Malásia propõe novo arcabouço para produtos do mercado de capitais tokenizados

Malásia propõe novo arcabouço para produtos do mercado de capitais tokenizados
Rony Roy
06 de mai. de 2025, 07:03 AM
  • O arcabouço proposto concentra-se em versões tokenizadas de produtos tradicionais do mercado de capitais.
  • Os emissores seriam obrigados a manter registros de propriedade tanto on-chain quanto off-chain.
  • As blockchains públicas estariam sujeitas a salvaguardas mais rigorosas para reduzir os riscos de cibersegurança.

A Comissão de Valores Mobiliários da Malásia lançou uma consulta pública para coletar feedback sobre uma estrutura proposta para produtos de mercado de capitais tokenizados.

De acordo com uma notificação de 6 de maio, a iniciativa visa explorar como a tecnologia de registro distribuído (DLT) pode ser integrada aos mercados de capitais do país, potencialmente possibilitando inovações como ativos programáveis, propriedade fracionada e liquidações mais rápidas.

A consulta pública está aberta para contribuições até 16 de junho.

O que a Comissão de Valores Mobiliários propõe?

O documento de consulta de 26 páginas esclarece as regulamentações sobre o uso de blockchain para emitir versões tokenizadas de produtos tradicionais do mercado de capitais, como ações, títulos e fundos.

O arcabouço proposto concentra-se em um modelo de “gêmeo digital”, onde os produtos tradicionais do mercado de capitais são espelhados em uma blockchain.

Esses tokens serviriam como representações digitais criptograficamente seguras de instrumentos existentes, o que permite processos de registro e transferência mais eficientes sem substituir os ativos originais fora da cadeia.

De acordo com a estrutura proposta, os produtos tokenizados devem cumprir as leis e diretrizes de valores mobiliários existentes, incluindo aquelas que regem a divulgação, a governança e a manutenção de registros.

Espera-se que os emissores mantenham registros duplos de propriedade, tanto on-chain (via blockchain) quanto off-chain (em registros tradicionais), para garantir consistência e clareza legal, particularmente em casos como a propriedade de ações, onde os registros estatutários permanecem a fonte oficial da verdade.

A SC propôs obrigações adicionais de divulgação, exigindo que os emissores expliquem como funciona o processo de tokenização, o tipo de blockchain utilizado, como o valor é derivado e transferido e como são tratados direitos como dividendos ou resgates.

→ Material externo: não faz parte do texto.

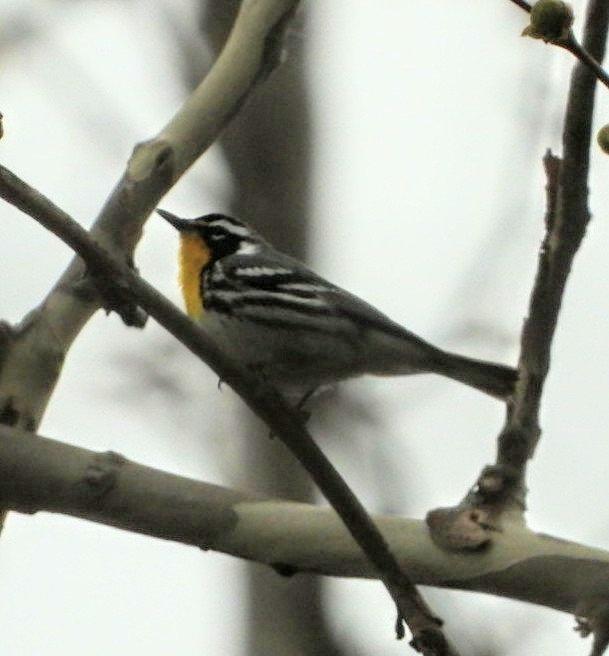 Yellow-throated Warbler - Ronnie Clark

Os emissores também devem fornecer planos de contingência para lidar com ameaças cibernéticas e outros riscos relacionados a interrupções ou falhas na blockchain.

Além disso, os Operadores de Mercado Reconhecidos (OMRs) seriam responsáveis pela supervisão das plataformas que facilitam as ofertas tokenizadas.

Eles devem garantir a transparência, manter os padrões de custódia e verificar se os emissores cumpriram todas as obrigações de conformidade, mesmo que prestadores de serviços terceirizados estejam envolvidos.

No entanto, o artigo alertou para a cautela no uso de blockchains públicas, advertindo que redes sem controles adequados podem representar riscos cibernéticos.

Embora não proponha uma proibição, espera-se que as blockchains públicas sem permissão atendam a padrões de supervisão mais rigorosos.

Ao mesmo tempo, os emissores seriam obrigados a justificar sua escolha e implementar salvaguardas de risco adequadas.

Para garantir a responsabilização, a SC pode exigir auditorias de terceiros ou pareceres jurídicos antes de conceder aprovação para ofertas de produtos tokenizados.

Emissores e operadores também devem consultar a SC antes de lançar instrumentos tokenizados.

Regulamentações de criptomoedas na Malásia

As criptomoedas na Malásia são regulamentadas pela Ordem de Mercados de Capitais e Serviços emitida em 2019.

Sob este regime, as bolsas de ativos digitais devem ser registradas como Operadoras de Mercado Reconhecidas, e os emissores de tokens digitais devem obter aprovação por meio de uma plataforma de Oferta Inicial de Exchange.

Bitcoin, Ethereum e outros ativos digitais não considerados valores mobiliários são permitidos, mas só podem ser negociados em plataformas licenciadas como Luno, Tokenize e SINEGY.

A pressão por regulamentações mais claras para criptomoedas surge em meio a um aumento de atividades ilícitas ligadas a ativos digitais, particularmente a mineração ilegal de Bitcoin.

Nos últimos meses, as autoridades malaias intensificaram a fiscalização após descobrirem operações em larga escala de desvio de eletricidade para alimentar plataformas de mineração.